October 16, 2015
In the latest advance to boost the speed of the Internet, a research team including, the City College of New York, University of Southern California, University of Glasgow, and Corning Incorporated, demonstrates a way to increase the data speeds of optical fibers – considered the Internet’s backbone.
"Optical fibers can be sped up by ‘twisting’ data; multiple data streams are transmitted and received as different twists of light," says Giovanni Milione, a City College doctoral student at the time. “Thought impossible using standard optical fibers which untwist the data, corrupting it, we showed that if the data was digitally re-twisted, after it was received, it could be recovered.”
To digitally re-twist the data, the researchers borrowed a well-known technique of radio communication, referred to as ‘MIMO,’ used by cell phones and Wi-Fi routers every day. “Light’s twists were treated like antennas,” Milione explains. “Even if transmitted data was untwisted, it was received as a different twist (antenna) and recovered.”
As a proof of principal, the researchers successfully transmitted four data streams on four twists of light over 5 kilometers of standard optical fiber.
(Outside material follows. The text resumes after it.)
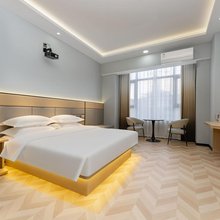 印象枫景小公馆(黄河南路地铁站店)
A key to their experiment was a University of Glasgow-made device that separates and combines light's twists as a prism does color.
“This development could offer a solution to the insatiable needs of data-driven social media, such as, Facebook and YouTube, which continually push optical fiber data speed limits,” said Distinguished Professor of Physics Robert R. Alfano.
The research, supported by the Defense Advanced Research Projects Agency, the Army Research Office, and Corning Incorporated, appears in the journal, “Nature: Scientific Reports."